# Coffee on a Narrow Boat



## Father_Java (Apr 24, 2013)

My set up, currently installed on a Narrow Boat on the Grand Union Canal in London.......

We had to re-balast the boat to compensate for the weight of the R120 (joking)....
























​


----------



## Phil104 (Apr 15, 2014)

> We had to re-balast the boat to compensate for the weight of the R120 (joking)....

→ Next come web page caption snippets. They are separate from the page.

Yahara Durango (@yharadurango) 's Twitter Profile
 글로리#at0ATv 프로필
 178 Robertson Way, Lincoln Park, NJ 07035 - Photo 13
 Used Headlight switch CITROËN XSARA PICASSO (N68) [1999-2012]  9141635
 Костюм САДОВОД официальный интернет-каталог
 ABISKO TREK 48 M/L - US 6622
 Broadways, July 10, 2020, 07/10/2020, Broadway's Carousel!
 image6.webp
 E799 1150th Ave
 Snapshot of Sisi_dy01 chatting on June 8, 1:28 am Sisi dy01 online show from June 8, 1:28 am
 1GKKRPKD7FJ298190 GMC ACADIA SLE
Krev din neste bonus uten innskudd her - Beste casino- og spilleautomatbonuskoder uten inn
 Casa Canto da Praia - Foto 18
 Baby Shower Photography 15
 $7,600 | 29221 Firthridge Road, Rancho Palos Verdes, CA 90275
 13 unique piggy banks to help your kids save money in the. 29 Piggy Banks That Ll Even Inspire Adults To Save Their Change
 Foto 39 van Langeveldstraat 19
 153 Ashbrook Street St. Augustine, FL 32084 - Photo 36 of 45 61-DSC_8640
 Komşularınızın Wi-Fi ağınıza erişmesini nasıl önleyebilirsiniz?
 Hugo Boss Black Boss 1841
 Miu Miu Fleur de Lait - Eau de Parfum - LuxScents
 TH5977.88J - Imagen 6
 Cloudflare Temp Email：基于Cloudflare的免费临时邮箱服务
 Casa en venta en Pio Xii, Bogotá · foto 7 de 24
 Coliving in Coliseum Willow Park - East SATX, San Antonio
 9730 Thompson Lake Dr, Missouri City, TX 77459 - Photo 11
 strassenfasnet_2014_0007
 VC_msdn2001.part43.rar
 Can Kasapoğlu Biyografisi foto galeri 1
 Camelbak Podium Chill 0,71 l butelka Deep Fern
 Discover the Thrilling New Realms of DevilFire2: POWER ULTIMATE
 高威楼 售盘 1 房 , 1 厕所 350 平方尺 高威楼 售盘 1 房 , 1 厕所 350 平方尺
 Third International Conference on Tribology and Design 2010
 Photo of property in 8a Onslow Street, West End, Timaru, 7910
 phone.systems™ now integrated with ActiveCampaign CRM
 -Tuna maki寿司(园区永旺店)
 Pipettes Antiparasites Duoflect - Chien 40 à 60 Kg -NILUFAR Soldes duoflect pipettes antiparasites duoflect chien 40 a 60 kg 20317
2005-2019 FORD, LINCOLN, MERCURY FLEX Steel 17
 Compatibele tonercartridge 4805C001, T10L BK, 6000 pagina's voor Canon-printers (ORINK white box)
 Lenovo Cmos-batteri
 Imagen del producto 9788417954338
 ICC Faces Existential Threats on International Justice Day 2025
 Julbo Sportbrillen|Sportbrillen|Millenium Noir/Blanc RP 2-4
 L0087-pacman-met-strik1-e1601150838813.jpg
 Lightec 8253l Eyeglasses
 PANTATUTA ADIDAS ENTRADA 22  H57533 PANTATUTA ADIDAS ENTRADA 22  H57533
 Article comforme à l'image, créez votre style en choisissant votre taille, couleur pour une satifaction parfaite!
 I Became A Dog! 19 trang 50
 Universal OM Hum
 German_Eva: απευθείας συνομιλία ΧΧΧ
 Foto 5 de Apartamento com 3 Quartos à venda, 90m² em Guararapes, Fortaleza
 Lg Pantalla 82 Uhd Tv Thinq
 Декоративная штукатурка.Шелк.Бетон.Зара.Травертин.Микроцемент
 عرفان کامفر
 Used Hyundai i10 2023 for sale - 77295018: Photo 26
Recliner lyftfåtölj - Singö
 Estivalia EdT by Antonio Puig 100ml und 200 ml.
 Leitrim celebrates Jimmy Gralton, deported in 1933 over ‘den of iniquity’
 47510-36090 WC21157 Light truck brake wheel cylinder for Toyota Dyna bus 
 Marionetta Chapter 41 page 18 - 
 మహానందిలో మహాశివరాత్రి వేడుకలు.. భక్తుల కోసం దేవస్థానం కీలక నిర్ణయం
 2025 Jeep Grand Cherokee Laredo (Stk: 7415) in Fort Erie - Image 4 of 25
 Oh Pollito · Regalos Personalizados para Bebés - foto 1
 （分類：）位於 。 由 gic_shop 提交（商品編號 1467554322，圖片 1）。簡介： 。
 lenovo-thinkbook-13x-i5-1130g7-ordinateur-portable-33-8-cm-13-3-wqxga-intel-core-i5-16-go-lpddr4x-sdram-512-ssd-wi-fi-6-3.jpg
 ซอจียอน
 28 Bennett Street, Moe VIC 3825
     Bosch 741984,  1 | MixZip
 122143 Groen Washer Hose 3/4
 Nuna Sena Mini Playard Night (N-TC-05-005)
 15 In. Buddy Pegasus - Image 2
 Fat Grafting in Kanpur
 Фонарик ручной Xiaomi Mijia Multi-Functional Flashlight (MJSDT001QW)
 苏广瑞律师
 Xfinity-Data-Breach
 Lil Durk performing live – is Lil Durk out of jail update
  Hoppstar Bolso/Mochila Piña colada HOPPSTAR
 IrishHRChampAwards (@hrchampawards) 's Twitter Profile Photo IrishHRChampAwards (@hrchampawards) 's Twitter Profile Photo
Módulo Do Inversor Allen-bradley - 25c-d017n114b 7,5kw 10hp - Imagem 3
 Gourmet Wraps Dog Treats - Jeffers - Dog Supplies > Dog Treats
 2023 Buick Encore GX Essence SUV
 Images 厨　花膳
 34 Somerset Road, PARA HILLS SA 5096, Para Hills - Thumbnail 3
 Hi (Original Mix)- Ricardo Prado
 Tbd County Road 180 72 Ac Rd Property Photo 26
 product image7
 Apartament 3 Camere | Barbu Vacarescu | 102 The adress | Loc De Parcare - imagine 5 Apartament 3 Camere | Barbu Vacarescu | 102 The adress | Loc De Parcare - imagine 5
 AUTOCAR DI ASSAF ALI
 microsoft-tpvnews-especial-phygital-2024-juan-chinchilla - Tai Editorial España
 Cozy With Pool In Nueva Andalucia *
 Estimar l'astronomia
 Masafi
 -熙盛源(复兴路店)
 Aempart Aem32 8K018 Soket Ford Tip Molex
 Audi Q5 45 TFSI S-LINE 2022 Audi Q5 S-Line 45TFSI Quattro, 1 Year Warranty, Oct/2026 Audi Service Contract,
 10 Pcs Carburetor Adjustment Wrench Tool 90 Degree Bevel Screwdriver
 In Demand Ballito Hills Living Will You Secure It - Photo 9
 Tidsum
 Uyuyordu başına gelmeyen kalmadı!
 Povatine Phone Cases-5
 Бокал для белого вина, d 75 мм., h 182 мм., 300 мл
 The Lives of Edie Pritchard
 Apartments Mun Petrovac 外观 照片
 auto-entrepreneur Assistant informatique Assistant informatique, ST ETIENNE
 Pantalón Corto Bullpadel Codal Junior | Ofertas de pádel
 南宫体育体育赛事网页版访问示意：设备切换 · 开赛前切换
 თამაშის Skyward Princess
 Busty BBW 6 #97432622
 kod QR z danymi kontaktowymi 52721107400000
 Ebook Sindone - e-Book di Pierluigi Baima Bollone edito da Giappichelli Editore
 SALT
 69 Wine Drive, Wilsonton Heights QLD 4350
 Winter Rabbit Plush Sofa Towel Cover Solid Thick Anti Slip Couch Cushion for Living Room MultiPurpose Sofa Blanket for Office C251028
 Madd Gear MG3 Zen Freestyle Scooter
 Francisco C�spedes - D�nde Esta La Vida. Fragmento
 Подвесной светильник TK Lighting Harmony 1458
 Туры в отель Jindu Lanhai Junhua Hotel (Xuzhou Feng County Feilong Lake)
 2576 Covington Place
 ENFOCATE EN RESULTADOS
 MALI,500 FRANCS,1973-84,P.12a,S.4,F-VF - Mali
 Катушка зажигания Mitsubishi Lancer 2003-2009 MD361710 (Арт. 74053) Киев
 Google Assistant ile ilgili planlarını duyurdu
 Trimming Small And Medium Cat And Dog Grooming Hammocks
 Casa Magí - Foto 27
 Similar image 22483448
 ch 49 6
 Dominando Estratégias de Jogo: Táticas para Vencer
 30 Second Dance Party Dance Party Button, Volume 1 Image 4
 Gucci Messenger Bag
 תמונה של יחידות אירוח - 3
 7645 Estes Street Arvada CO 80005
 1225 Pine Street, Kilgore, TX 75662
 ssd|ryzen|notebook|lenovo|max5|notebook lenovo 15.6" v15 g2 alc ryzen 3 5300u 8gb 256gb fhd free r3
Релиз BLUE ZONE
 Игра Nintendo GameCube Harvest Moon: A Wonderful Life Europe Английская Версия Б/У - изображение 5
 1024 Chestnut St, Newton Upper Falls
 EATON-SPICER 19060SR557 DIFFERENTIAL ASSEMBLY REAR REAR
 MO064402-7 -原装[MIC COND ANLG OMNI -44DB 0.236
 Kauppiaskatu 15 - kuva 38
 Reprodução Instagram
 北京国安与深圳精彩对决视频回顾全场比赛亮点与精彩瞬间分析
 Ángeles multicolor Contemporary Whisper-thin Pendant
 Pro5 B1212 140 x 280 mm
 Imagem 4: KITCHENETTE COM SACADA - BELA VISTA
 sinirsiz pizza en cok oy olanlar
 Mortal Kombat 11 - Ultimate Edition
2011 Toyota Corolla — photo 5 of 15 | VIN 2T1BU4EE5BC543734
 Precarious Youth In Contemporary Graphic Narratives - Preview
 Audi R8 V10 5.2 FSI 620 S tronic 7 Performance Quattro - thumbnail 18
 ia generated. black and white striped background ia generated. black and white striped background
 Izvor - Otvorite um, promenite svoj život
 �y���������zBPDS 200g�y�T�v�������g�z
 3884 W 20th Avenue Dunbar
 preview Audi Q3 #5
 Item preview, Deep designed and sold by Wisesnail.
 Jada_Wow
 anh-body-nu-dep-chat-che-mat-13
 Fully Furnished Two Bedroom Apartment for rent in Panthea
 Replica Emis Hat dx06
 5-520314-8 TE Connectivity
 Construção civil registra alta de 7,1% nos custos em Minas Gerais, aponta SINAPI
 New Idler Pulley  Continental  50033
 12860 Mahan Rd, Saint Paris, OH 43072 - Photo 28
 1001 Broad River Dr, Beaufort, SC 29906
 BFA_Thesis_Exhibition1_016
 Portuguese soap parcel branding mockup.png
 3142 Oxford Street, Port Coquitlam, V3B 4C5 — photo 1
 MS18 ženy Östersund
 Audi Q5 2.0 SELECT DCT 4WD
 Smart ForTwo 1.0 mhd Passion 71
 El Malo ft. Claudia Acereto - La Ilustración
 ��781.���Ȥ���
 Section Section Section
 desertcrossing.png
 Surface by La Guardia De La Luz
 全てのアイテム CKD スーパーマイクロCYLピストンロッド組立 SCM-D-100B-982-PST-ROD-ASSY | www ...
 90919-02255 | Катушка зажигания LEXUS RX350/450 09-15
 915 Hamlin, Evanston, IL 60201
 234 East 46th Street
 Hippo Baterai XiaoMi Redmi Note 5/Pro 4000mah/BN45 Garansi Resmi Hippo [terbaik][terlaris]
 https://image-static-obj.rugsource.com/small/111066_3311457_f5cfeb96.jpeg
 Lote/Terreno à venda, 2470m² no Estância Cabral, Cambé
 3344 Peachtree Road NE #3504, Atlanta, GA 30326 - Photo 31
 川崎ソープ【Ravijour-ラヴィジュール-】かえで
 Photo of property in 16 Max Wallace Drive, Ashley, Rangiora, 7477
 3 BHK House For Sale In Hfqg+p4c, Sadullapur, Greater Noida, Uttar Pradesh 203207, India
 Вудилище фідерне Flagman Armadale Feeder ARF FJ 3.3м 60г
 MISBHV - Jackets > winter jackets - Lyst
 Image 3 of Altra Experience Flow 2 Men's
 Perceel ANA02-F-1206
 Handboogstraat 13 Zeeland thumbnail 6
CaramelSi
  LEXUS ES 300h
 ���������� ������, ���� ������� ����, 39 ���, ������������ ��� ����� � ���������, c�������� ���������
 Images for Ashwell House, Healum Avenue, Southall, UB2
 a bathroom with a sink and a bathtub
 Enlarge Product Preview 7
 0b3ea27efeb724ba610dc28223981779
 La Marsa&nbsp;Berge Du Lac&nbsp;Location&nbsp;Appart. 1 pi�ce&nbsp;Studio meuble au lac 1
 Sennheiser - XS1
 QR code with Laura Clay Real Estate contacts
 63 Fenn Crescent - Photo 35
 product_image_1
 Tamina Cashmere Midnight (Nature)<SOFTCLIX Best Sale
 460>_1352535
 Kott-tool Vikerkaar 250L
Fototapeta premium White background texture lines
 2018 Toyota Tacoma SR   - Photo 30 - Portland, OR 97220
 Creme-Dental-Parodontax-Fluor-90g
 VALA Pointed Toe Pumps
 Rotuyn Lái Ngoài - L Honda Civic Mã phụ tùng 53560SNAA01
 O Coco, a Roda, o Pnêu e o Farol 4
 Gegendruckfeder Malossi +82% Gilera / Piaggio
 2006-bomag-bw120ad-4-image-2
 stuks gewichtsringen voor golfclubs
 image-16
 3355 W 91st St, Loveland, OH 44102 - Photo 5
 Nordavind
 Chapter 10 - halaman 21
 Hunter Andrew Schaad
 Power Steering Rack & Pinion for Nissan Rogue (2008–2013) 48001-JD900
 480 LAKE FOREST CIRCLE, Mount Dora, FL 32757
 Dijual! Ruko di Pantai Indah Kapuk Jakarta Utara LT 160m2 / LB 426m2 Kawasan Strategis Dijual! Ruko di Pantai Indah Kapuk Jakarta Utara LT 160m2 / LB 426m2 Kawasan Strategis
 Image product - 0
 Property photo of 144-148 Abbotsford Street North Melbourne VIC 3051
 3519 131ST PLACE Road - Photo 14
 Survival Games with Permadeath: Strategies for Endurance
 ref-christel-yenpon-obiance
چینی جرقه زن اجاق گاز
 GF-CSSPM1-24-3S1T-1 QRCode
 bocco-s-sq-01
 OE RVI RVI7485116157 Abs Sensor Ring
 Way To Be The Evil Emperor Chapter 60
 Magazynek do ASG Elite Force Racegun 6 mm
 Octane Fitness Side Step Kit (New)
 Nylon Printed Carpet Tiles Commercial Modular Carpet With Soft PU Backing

But it would be entirely understandable if that's what you did and would have shown true dedication (although this autocorrected to 'deviation' the first time around). Looking good and doubtless tasting good.


----------



## Spy (May 12, 2016)

What a lovely idea.

Sipping real, artisan coffee, whilst sitting on the deck of your boat watching the world go by....perfect....but maybe not today given the weather


----------



## Mrboots2u (May 10, 2013)

Nice - what coffee is the beast chewing up @Father_Java


----------



## Father_Java (Apr 24, 2013)

Currently using Temple Bar, it's roasted by a company called Pure Roast, they are based in Lisburn, Northern Ireland. Makes a nice espresso and good for milk based drinks as well. Their Italian Passion is also a favorite of mine.


----------



## froggystyle (Oct 30, 2013)

Nice to see another boater with coffee gear aboard!


----------



## Milanski (Oct 10, 2013)

Where are you moored?


----------



## Father_Java (Apr 24, 2013)

Milanski said:


> Where are you moored?


Currently moored near Paddington but may have to move due to floating market being held here during the coming week.


----------